You almost get the feeling from today’s masterful obit in the Times of Robert McNamara, the Vietnam War architect who died Monday at 93, that he was so troubled by the tens of thousands of corpses that resulted from his many grievous mistakes that he paid for his sins.
Reporter Tim Weiner eloquently describes the former defense secretary drifting through the streets of Washington in the late 90s “wearing the expression of a haunted man…stooped, his shirttail flapping in the wind …wearing frayed running shoes and a thousand-yard stare.”
But as one who forcibly rejected his offer of a free trip to Southeast Asia in the late 60s, and saw others not so fortunate return with their own haunted expressions, or not at all, the image of McNamara plagued by his own demons hardly suffices.
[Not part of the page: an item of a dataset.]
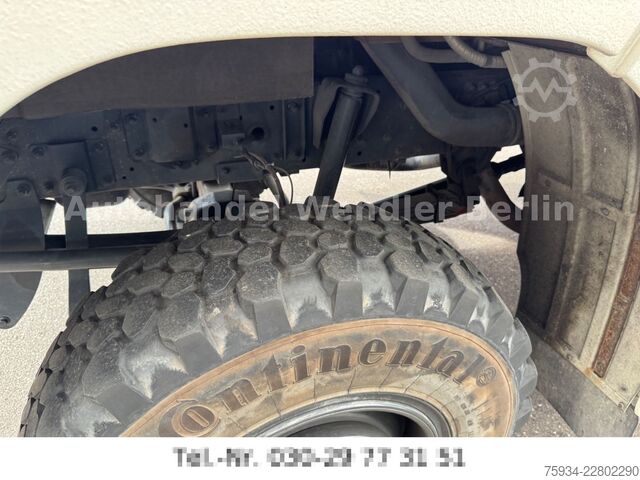 Tankwagen IVECO FF100EW LF8/6 Tank600l Schere/Spreizer/Generator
For those of us who want – as Bob Dylan urged — to stand over McNamara’s grave to make sure that he’s dead, there’s a far more satisfying portrait contained in Paul Hendrickson’s great 1996 account,”The Living: Robert McNamara and Five Lives of A Lost War.”
Hendrickson recounts those whose lives were shattered by their service in McNamara’s war, like lance corporal and Silver Star winner James C. Farley, the chopper door gunner whose wrenching sobs were captured by Life Magazine; and those who protested against it, like Norman Morrison, the Quaker who fatally set himself afire outside McNamara’s Pentagon window in November, 1965.
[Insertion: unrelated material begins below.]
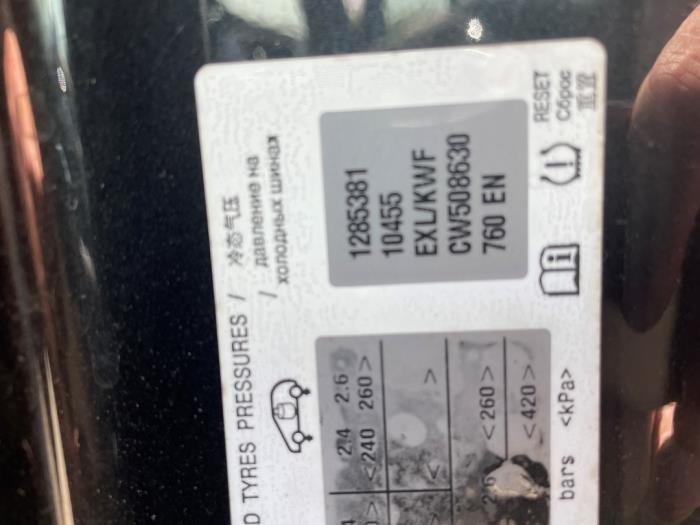 Citroen DS3 1.6 e-HDi Sloopvoertuig (2012, Zwart)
And then there’s the story of the unnamed brother of two Vietnam draftees who tells Hendrickson how, one night in 1972, he almost got even for all of us, when he got McNamara alone on a Martha’s Vineyard ferry as the then head of the World Bank was headed for a vacation:
“I didn’t say a word, you know, no here’s to Rolling Thunder, sir, or, this one’s for the Gulf of Tonkin, you lying sack of crap. Nope, nothing like that. I just grabbed him. I got him by the belt and the shirt collar, right below his throat. I had him over, too. He was halfway over the side. He would have gone, another couple seconds. He was just kind of hanging there in the dark, clawing for the railing. I remember he screamed, ‘Oh, my God, no.'”
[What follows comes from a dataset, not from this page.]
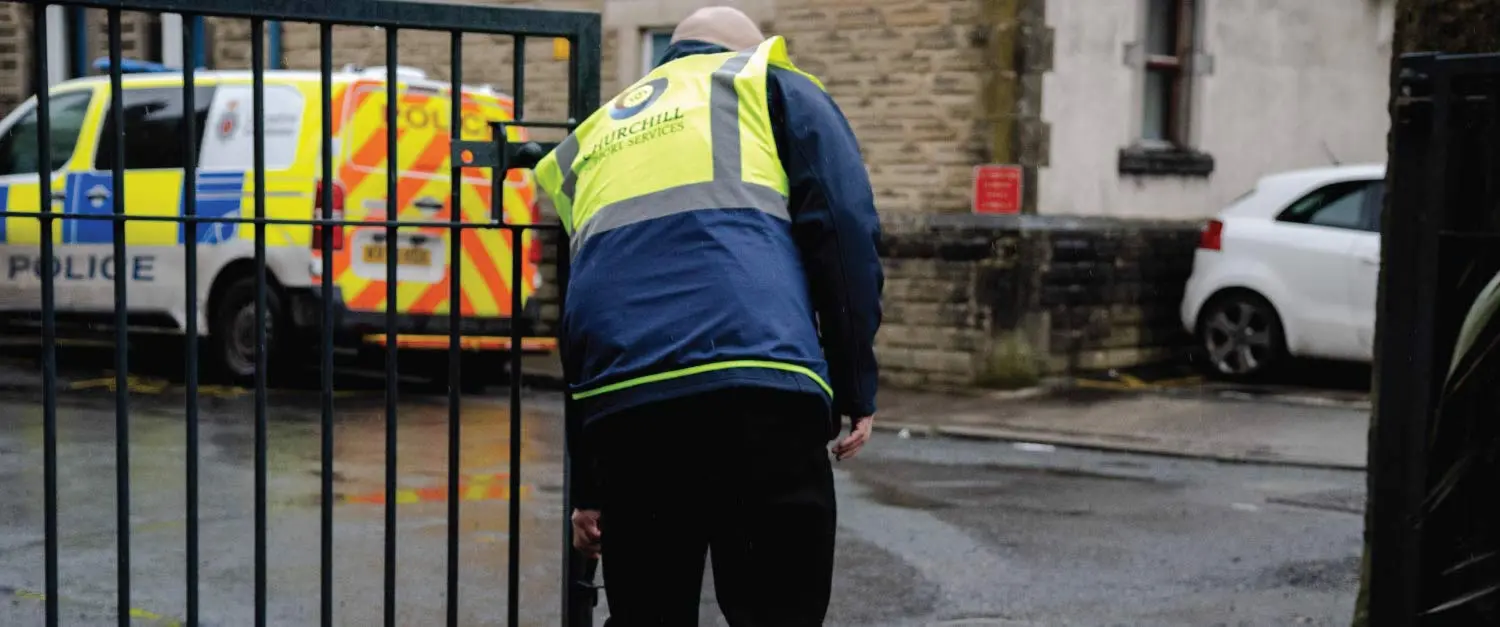 Bridgend key holding and alarm response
McNamara, a mountain climber into his 70s, never lost his grip on the railing. Calmer heads intervened. The attacker escaped. But it’s a gratifying image – the master of war dangling over the side, the dark waters of Buzzard’s Bay below. It adds a little context to that picture of the man with the untucked shirt and frayed running shoes wandering the streets of the nation’s capital.